REQUIREMENT: Begin with the line below holding "voor Toyota Hilux" and go on through the line holding "NBD Black Sheath Dress Sweetheart Neckline", duplicating each line exactly and leaving out pictures.

Start of PROVIDED DATA

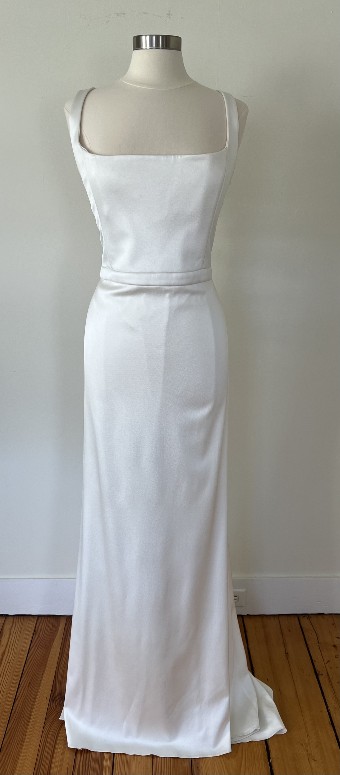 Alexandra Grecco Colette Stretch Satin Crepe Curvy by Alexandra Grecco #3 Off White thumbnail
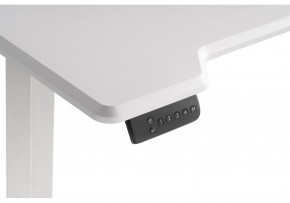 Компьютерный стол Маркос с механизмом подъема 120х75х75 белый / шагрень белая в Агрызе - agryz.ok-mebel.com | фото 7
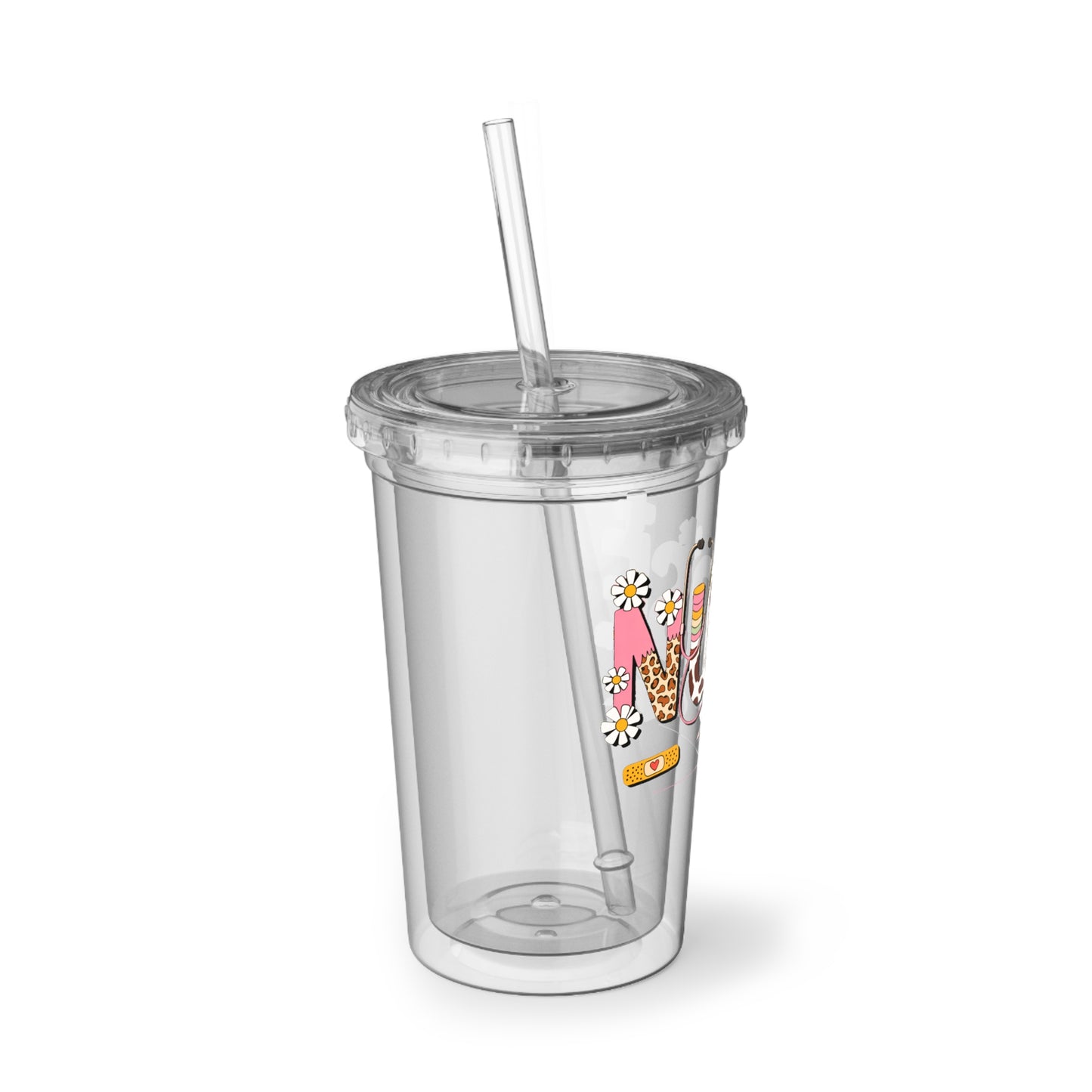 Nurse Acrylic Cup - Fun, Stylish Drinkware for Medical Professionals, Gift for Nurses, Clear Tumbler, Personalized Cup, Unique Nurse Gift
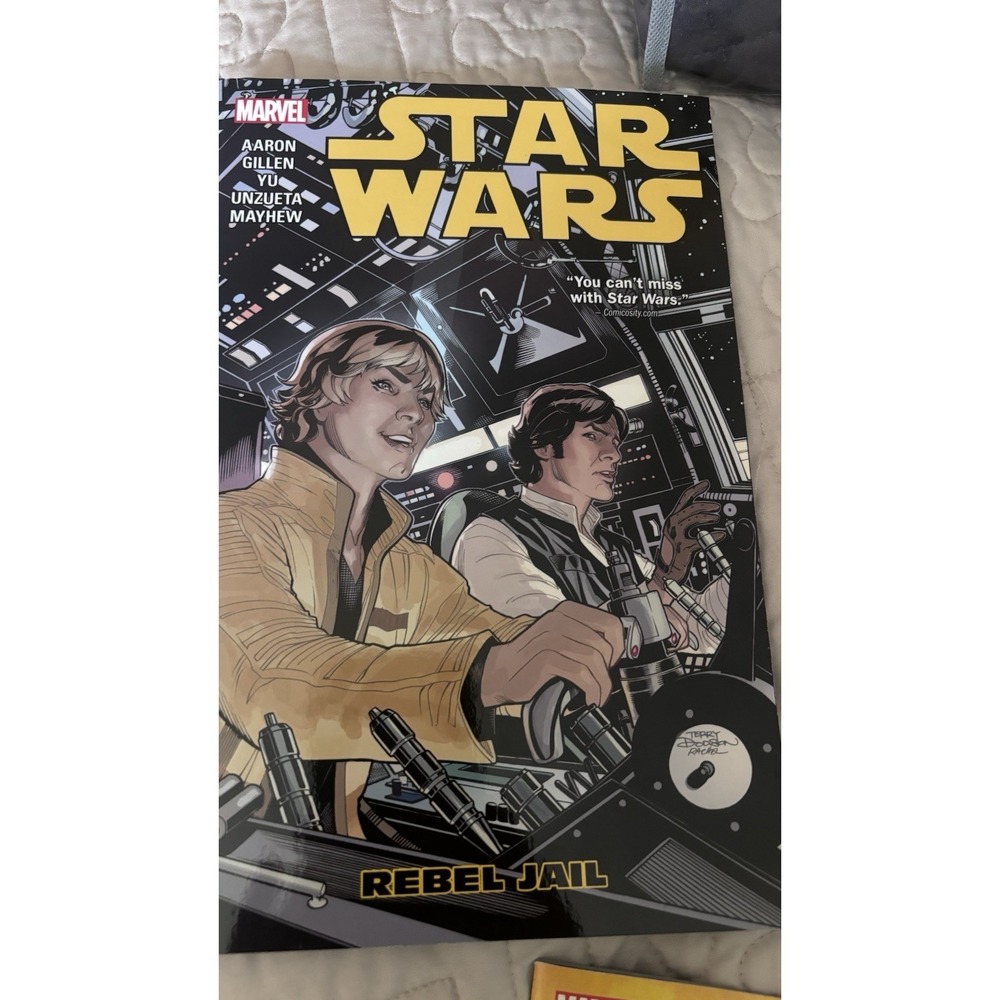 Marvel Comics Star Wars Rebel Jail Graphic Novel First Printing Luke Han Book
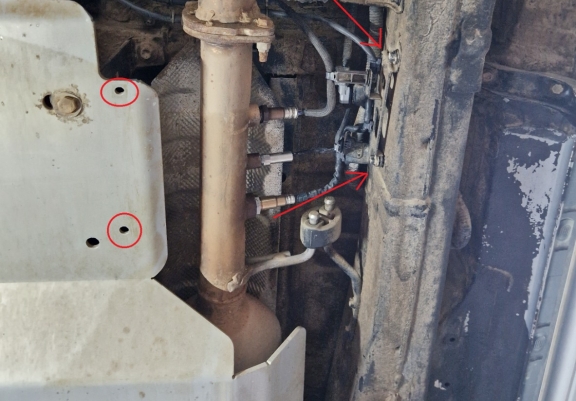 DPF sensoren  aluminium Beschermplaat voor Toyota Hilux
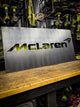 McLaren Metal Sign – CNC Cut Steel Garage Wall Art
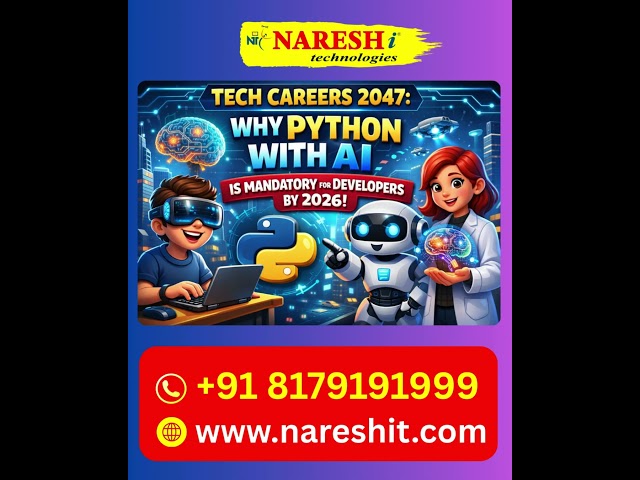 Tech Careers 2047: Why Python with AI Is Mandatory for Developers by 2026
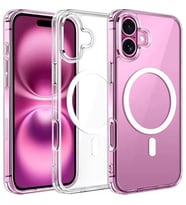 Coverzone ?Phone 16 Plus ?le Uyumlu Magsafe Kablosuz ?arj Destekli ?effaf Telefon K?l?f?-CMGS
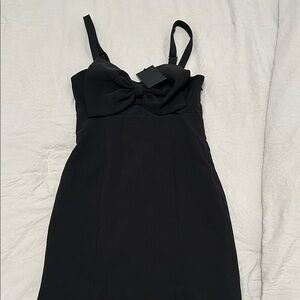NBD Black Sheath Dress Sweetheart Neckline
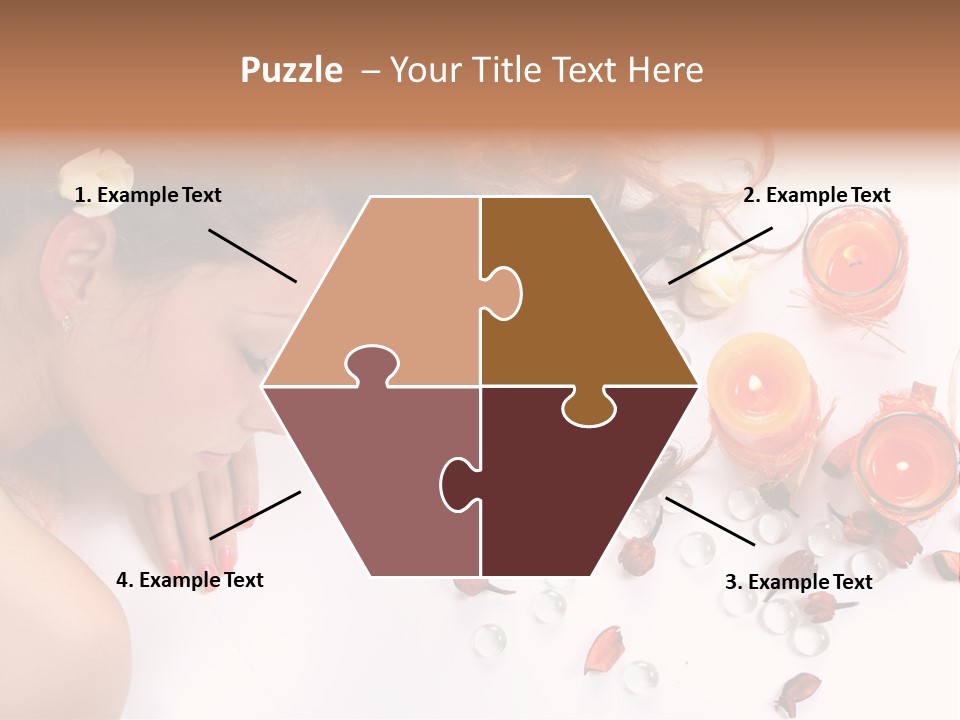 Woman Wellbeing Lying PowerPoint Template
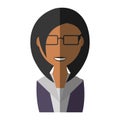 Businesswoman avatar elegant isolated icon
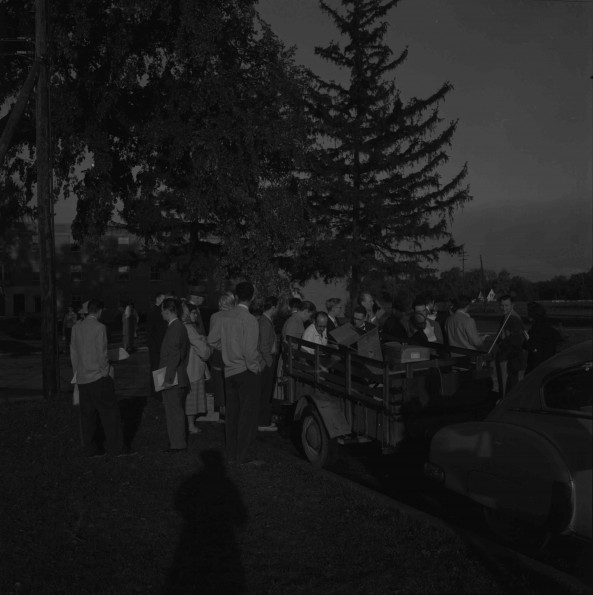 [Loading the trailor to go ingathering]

End of PROVIDED DATA

REPLY TO THE EXERCISE:
 DPF sensoren  aluminium Beschermplaat voor Toyota Hilux
 McLaren Metal Sign – CNC Cut Steel Garage Wall Art
 Tech Careers 2047: Why Python with AI Is Mandatory for Developers by 2026
 Coverzone ?Phone 16 Plus ?le Uyumlu Magsafe Kablosuz ?arj Destekli ?effaf Telefon K?l?f?-CMGS
NBD Black Sheath Dress Sweetheart Neckline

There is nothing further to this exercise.